En República Dominicana, hablar de libre competencia suena cada vez más a consigna vacía. Porque la verdad incómoda es esta: no todos juegan en la misma cancha. Mientras unos deben competir con esfuerzo, talento y servicio, otros simplemente enseñan una tarjeta, hacen una llamada o se escudan en influencias bien ubicadas. Así no se construye país. Así se perpetúa el atraso.
El gobierno —cualquiera que sea— tiene una responsabilidad indelegable: garantizar que las reglas del juego apliquen para todos. Cuando el Estado actúa como árbitro parcial, inclinando la balanza a favor de sus cercanos, no solo traiciona su rol, sino que sabotea el futuro. Porque donde manda la cuña, se ahoga la competencia. Y donde decide el poder, muere el mérito.
Esto no es teoría. Se ve en las licitaciones hechas a la medida. En los permisos que unos consiguen en días y otros nunca. En los subsidios que huelen a favor político más que a política pública. Y el resultado es siempre el mismo: gana quien no debería, pierde el que trabaja, y el consumidor paga la factura.

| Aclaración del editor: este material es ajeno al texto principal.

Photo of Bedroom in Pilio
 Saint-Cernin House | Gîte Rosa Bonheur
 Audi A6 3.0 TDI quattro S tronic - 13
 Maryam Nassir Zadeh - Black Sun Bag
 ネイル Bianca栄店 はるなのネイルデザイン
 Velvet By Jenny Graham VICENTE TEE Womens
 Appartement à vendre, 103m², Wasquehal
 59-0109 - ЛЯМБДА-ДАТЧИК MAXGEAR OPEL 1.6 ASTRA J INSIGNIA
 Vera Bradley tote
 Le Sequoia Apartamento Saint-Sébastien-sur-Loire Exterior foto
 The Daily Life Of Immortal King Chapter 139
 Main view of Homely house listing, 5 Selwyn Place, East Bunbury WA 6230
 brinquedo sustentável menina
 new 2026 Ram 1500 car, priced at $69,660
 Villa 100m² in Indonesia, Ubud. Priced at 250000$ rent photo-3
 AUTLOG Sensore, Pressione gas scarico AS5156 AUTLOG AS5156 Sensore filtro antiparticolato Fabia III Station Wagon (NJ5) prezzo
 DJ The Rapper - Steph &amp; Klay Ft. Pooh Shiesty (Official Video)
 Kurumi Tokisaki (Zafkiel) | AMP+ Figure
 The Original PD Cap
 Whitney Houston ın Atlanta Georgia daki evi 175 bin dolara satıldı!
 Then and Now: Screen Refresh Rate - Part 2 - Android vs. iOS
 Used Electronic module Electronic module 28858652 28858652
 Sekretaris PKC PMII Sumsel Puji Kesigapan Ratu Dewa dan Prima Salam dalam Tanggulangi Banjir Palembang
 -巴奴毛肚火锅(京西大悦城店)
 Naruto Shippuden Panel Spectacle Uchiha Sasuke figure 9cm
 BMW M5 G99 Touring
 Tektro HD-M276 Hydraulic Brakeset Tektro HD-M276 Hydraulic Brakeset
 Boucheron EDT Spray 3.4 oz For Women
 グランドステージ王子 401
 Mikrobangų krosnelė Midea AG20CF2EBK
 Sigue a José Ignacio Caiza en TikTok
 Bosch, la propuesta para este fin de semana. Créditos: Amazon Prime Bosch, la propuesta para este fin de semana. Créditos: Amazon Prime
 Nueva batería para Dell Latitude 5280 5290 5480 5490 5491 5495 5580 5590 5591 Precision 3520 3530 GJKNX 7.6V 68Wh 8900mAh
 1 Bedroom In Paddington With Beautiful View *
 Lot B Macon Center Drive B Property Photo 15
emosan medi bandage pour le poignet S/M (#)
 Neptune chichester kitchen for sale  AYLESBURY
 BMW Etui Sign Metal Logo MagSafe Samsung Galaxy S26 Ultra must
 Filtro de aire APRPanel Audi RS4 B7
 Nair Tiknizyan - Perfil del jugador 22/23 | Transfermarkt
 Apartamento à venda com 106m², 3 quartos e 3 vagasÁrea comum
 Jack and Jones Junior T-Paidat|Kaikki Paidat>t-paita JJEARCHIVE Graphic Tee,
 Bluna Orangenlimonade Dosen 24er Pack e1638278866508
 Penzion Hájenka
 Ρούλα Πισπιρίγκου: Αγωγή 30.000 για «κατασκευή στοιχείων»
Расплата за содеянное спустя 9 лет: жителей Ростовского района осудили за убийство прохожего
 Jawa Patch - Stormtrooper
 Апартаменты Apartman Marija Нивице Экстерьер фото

Una economía sana necesita reglas claras, estables y parejas. Que gane el mejor producto, no el mejor contacto. Que decida el cliente, no el padrino. Que el éxito no sea cuestión de relaciones, sino de resultados.
No pedimos milagros. Pedimos algo elemental: piso parejo. Porque el futuro no se construye con favoritismos, sino con instituciones que hagan lo justo, aunque incomode. Que el gobierno deje de ser parte del problema, y empiece, de una vez por todas, a ser parte de la solución.